This six-disc box set features all 22 season-one episodes in their glory, presented beautifully in a widescreen format (1.78:1) and including a Dolby Digital 5.1 surround sound track. Each episode looks crisp and colorful, exploding onto screen with bursting sound complementing every last action sequence.

Bombshell Jennifer Garner stars as Sydney Bristow, a graduate student by day and spy by night, working at SD-6, a top-secret branch of the CIA that focuses on the retrieval of mysterious devices invented by an ancient man named Rambaldi. Syndey soon realizes that SD-6 isn't in fact the CIA, but instead a small part of a much larger alliance with aspirations of some sort of world domination.

After running into her father Jack (Victor Garber), a double agent for SD-6 and the CIA, she soon follows in his footsteps, vowing to take down SD-6 from the inside with the help of her CIA handler Michael Vaughn (Michael Vartan). With graduate work and two spy gigs getting in the way of her home life, Syndey creates more slack for herself by keeping secrets from her two best friends Francie (Merrin Dungey) and Will (Bradley Cooper).

Some of the best moments in "Alias" feature many of the show's co-stars, including SD-6 leader Arvin Sloane (Ron Rifkin), Sydney's SD-6 partner Dixon (Carl Lumbly) and the ultra-hilarious SD-6 tech guy Marshall (Kevin Weisman), who probably generates the program's funniest moments. Season one is an amazing ride, featuring some of the best episodes of the series thus far while placing Sydney in situations that fully test her ability to keep secrets and complete her missions. Highlights include the two-part episode "The Box," guest starring Quentin Tarantino, and the season finale "Almost Thirty Years."

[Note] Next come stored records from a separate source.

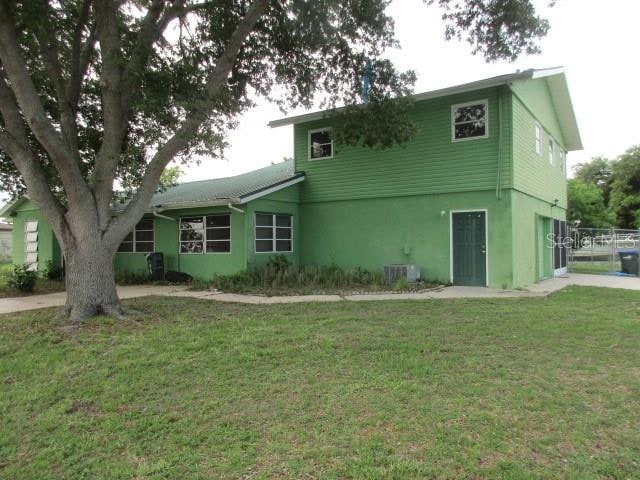 rear view of house with central air condition unit and a lawn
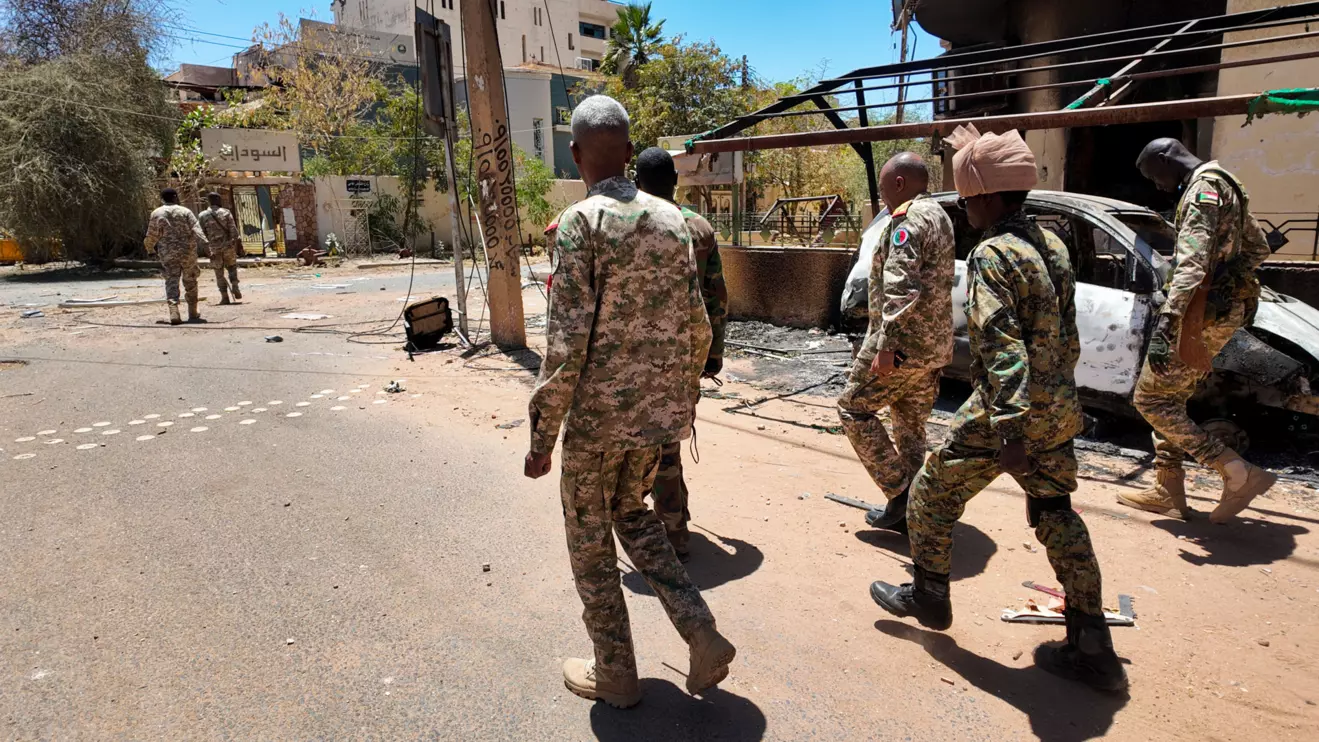 Members of the Sudanese army walk next to destroyed military vehicles after a battle with Rapid Support Forces (RSF) in the capital Khartoum, Sudan March 25, 2025. Reuters
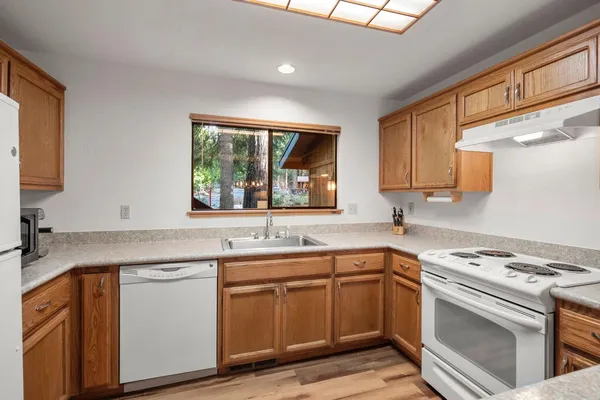 a kitchen with a refrigerator sink stove and cabinets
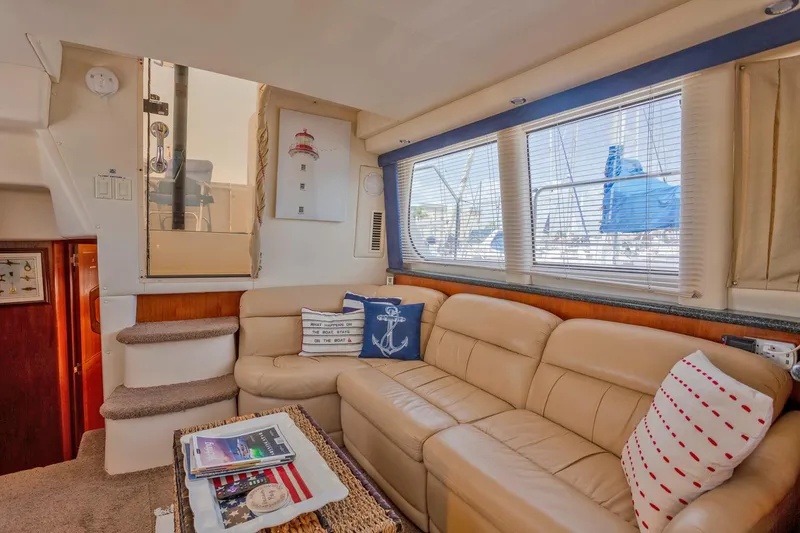 Slide: The Image of Interior of 2000 Carver 356 Aft Cabin Motor Yacht with kitchen and seating area. - 15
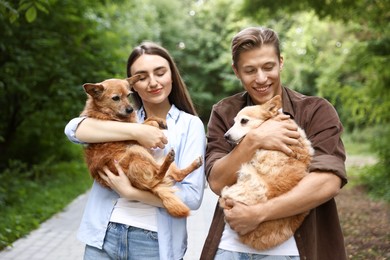 Photo of Happy couple holding their cute dogs outdoors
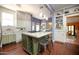 Bright kitchen featuring white cabinets, hardwood floors, an island with seating, and built-in shelving at 39 E Hoover Ave, Phoenix, AZ 85004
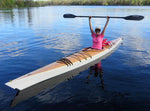 This woman loves her Chesapeake 16LT wooden kayak built by Mark N., and celebrates it on Black Creek at Fleming Island, FL Thumbnail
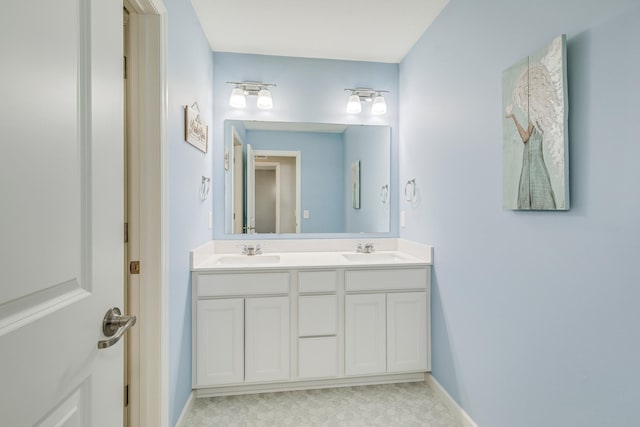 bathroom featuring baseboards, double vanity, and a sink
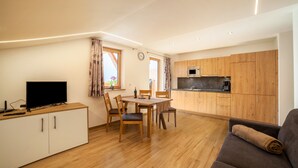 Un espacio habitable compacto con comedor, kitchenette y sofá.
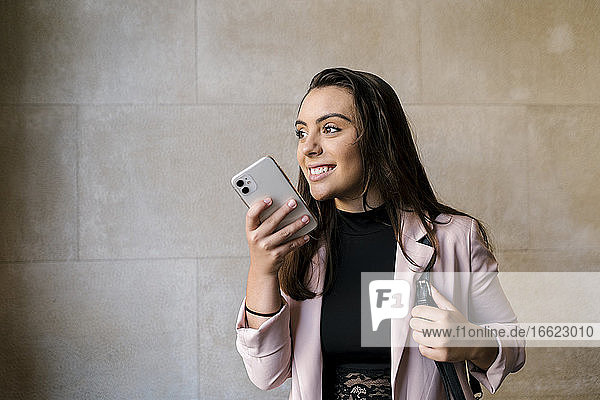 Smiling young businesswoman talking through smart phone against wall in cafe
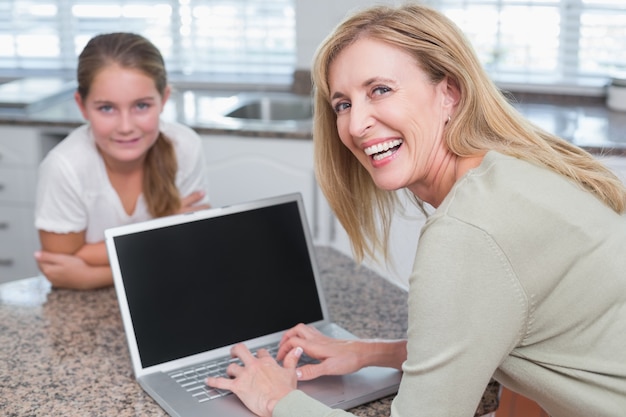 Madre feliz que usa la computadora portátil con su hija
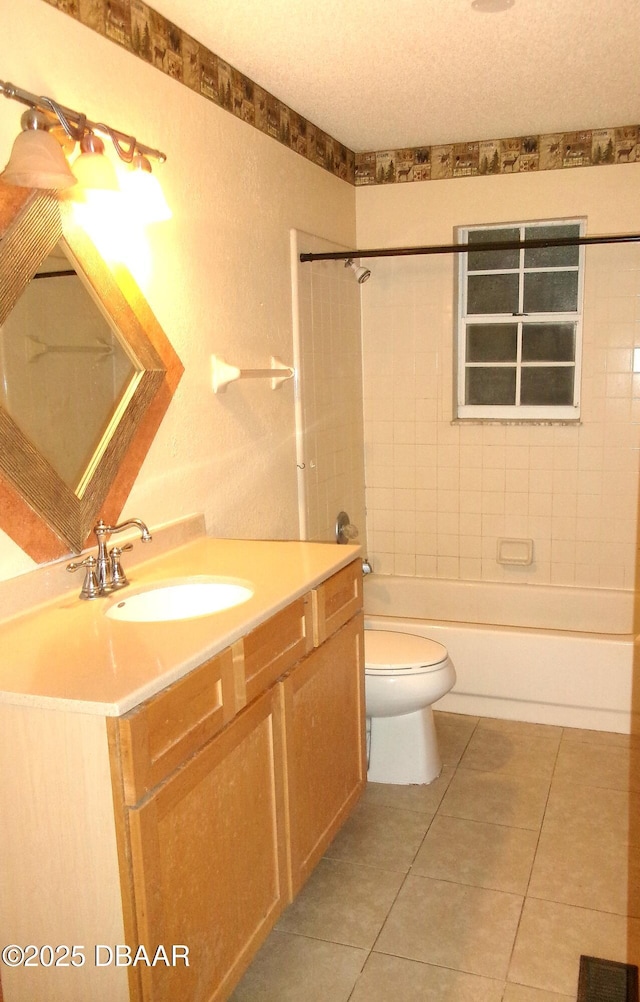 full bathroom with tile patterned floors, toilet, tiled shower / bath, a textured ceiling, and vanity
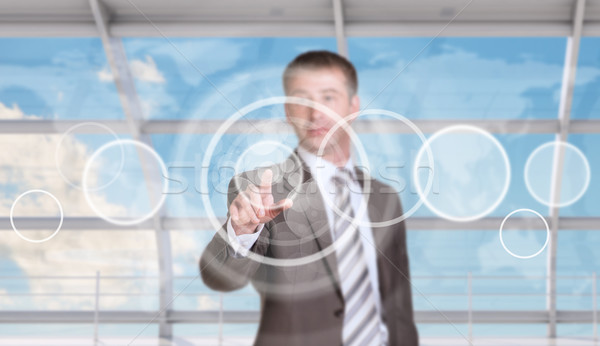 Businessman pressing on holographic screen Stock photo © cherezoff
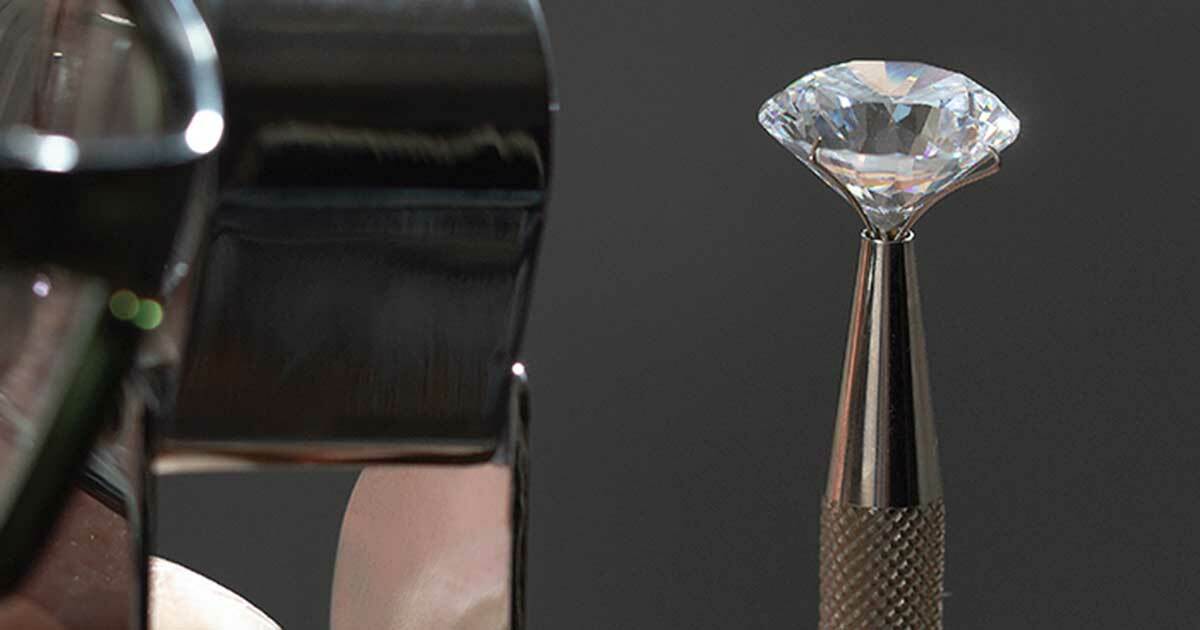 Diamond being examined up close by jeweler illustrating how careful to be when choosing a new penetration testing tool. Choosing the Right Modern Application Security Tools.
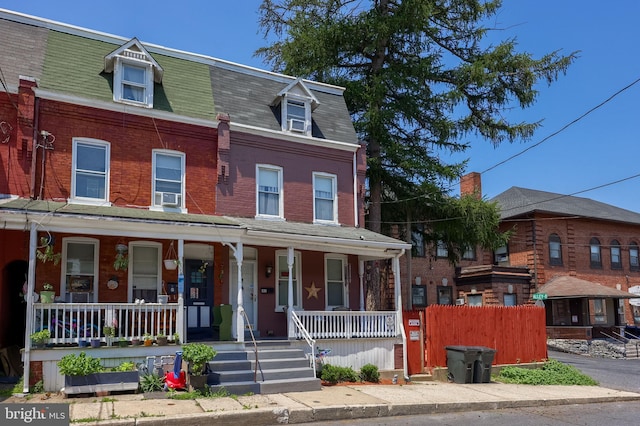 48 Ranck Ave, Lancaster, PA 17602 - multi unit property with covered porch, mansard roof, brick siding, and roof with shingles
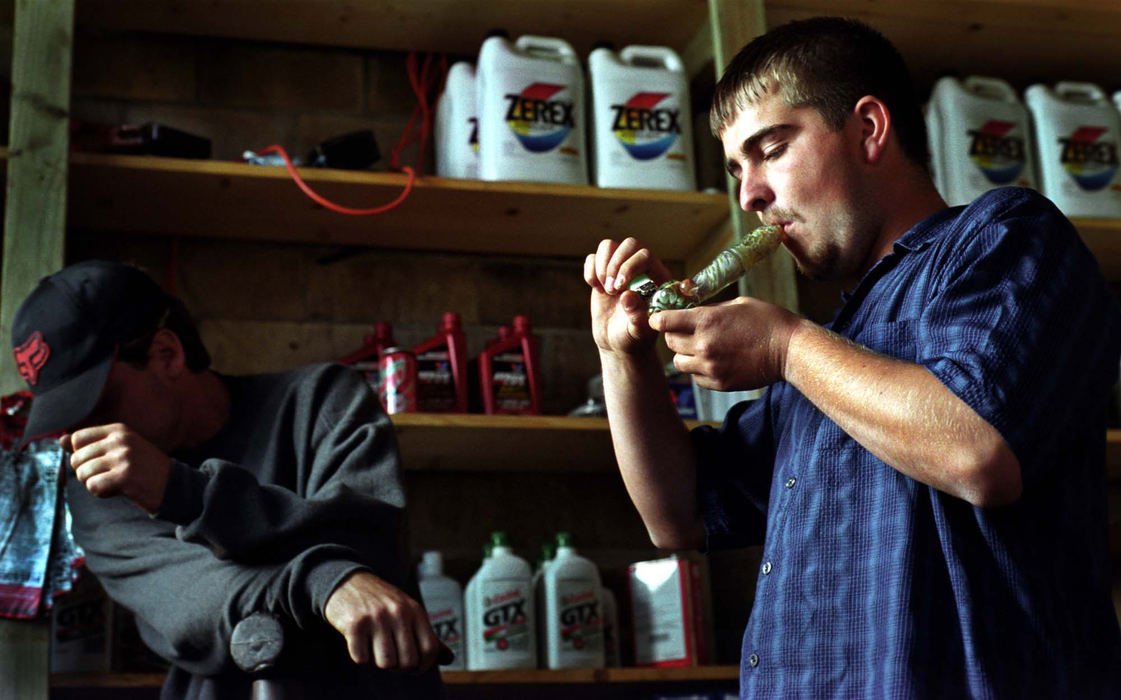 First Place, Student Photographer of the Year - James Patterson / Ohio UniversityAdam smokes marijuana with his mechanic and friend Rodney Richmond in the back of the auto shop. After being diagnosed with bipolar disorder in rehab, Adam refused to take his prescriptions. “Weed is my only medicine,” he says.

The box set is nicely broken up into three separate cases (a handy feature you won't see in most DVD sets) with two discs per case, each generally containing three to four episodes. Although the DVD arrival of "Alias" was annoyingly delayed, the hard work paid off in the form of some quality extra features. Most of these can be found on the last disc of the set, including two featurettes: "The Alias Production Diary," a slick 19-minute look into the filming of the pilot, and "Inside Stunts," a short 10-minute feature on Jennifer Garner and the stunts she performs on the show. Also included are six deleted scenes that justify their cuts, a three-minute gag real of dialogue bloopers, an "Alias" video game preview that doesn't really reveal too much, five TV spots and a sneak peak at the season two DVD set.

By far the best extras on the first season, while sparse, are the audio commentaries by the cast and crew littered across three of the discs, including: episodes one and two on the first disc; episode 17 on disc five; and episode 22 (the finale) on the sixth disc, a real treat that gathers the entire cast onto one track of unending insight and joking.

If you've missed "Alias" up until now, grab this DVD set quick and hop onto the bandwagon before you miss anything else. With such a powerful cast and stimulating storyline, it's hard to catch anything more captivating on television today. Fast action, sexy women and a killer mystery always present, "Alias" is a sincere gift from the TV Gods.